── Records for this task
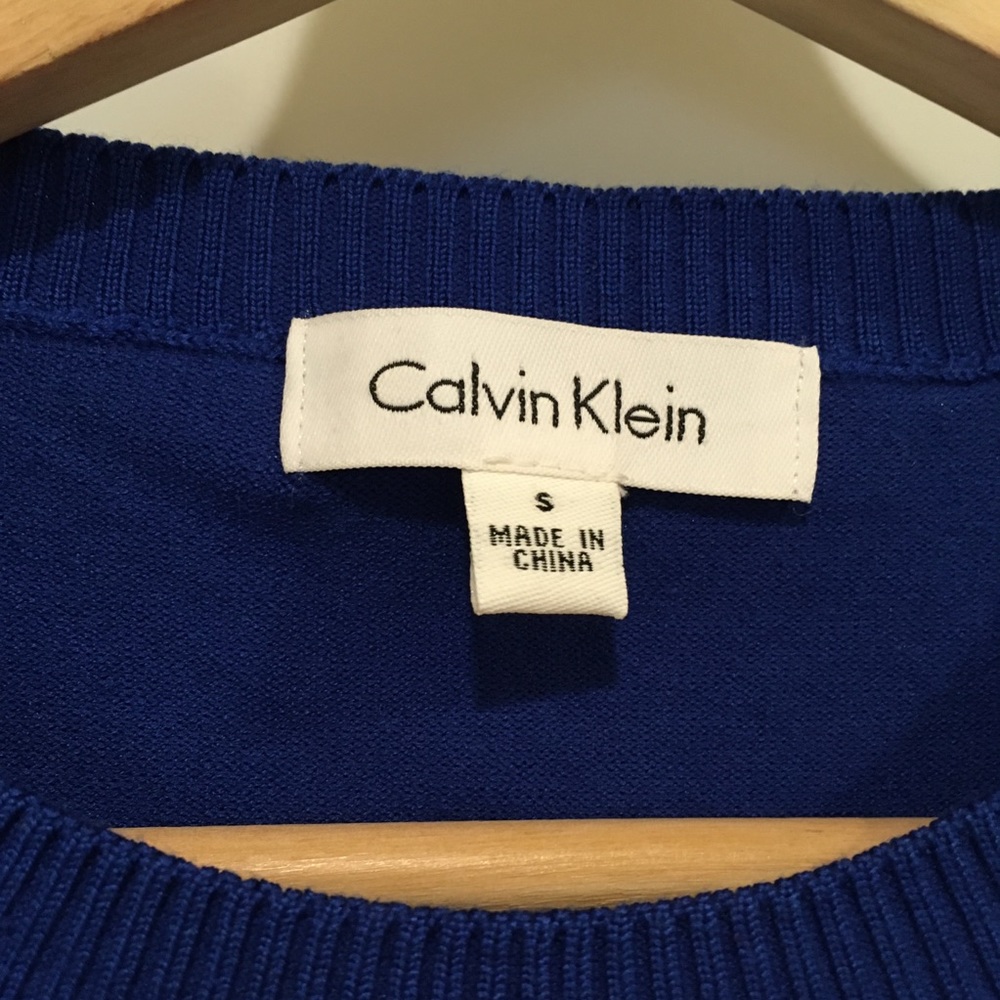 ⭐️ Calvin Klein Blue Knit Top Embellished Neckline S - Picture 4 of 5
────
── Records for this task
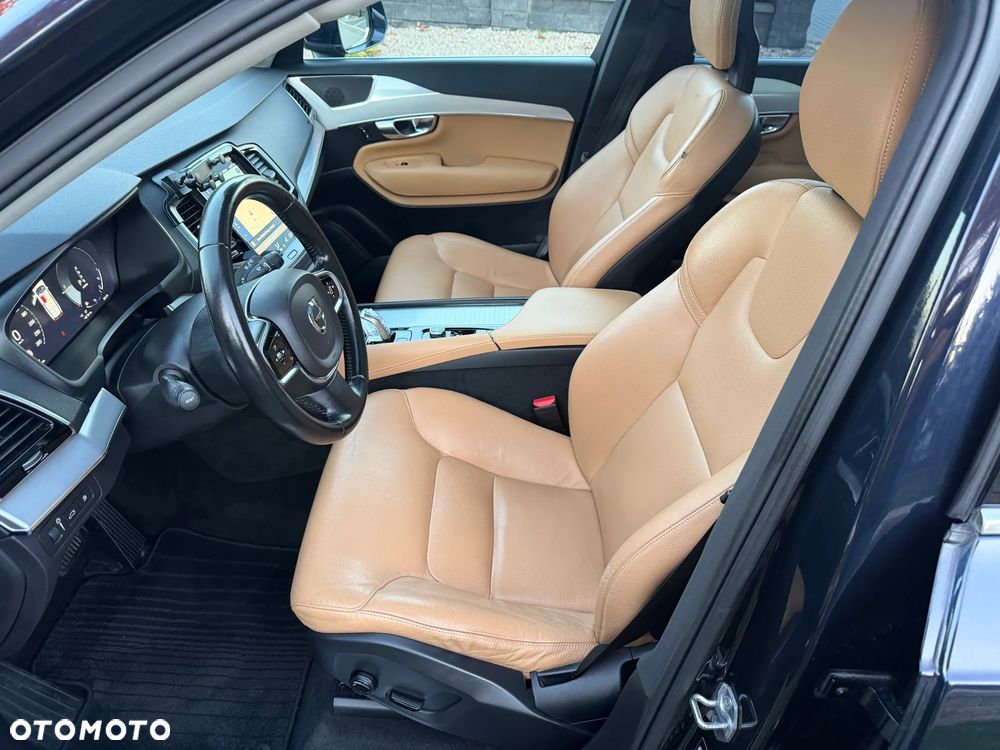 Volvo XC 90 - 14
────
── Records for this task
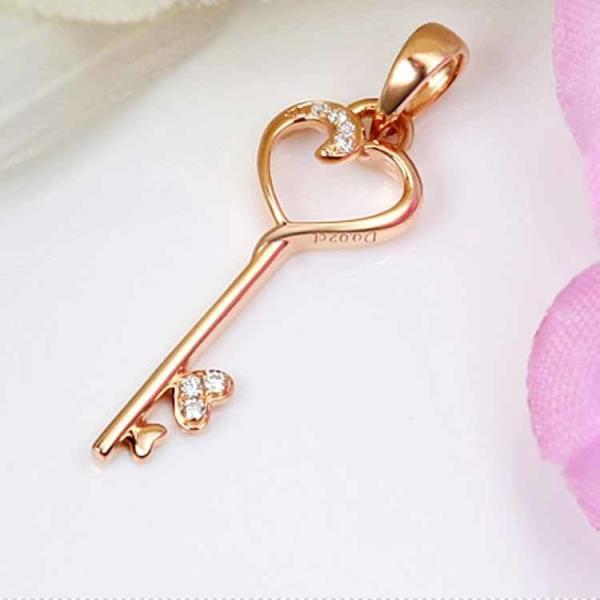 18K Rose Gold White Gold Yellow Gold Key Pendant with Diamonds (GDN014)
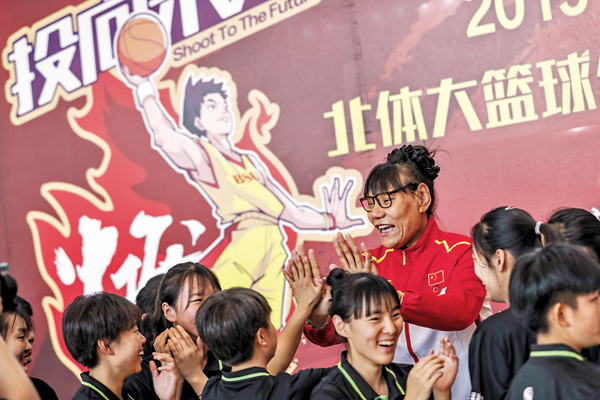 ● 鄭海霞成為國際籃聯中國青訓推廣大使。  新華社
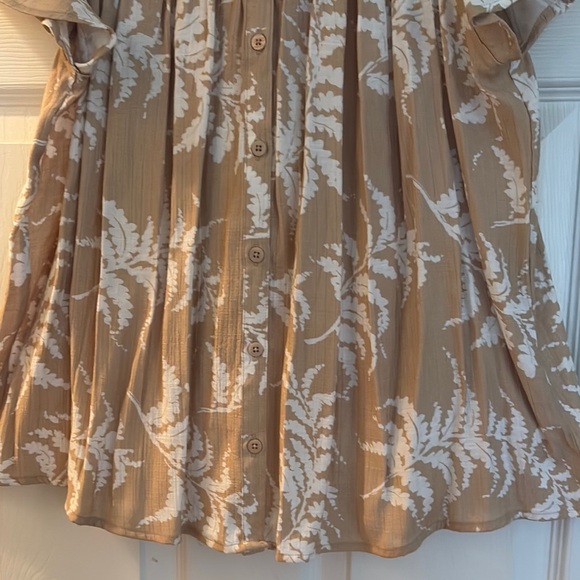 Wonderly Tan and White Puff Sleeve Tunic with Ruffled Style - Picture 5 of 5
────
Repeat exactly the stretch of the listing above that starts with the line holding "18K Rose Gold" and finishes with the line holding "Wonderly Tan and", both included. Skip every picture.

▶ **Exercise result**
 18K Rose Gold White Gold Yellow Gold Key Pendant with Diamonds (GDN014)
 ● 鄭海霞成為國際籃聯中國青訓推廣大使。  新華社
 Wonderly Tan and White Puff Sleeve Tunic with Ruffled Style - Picture 5 of 5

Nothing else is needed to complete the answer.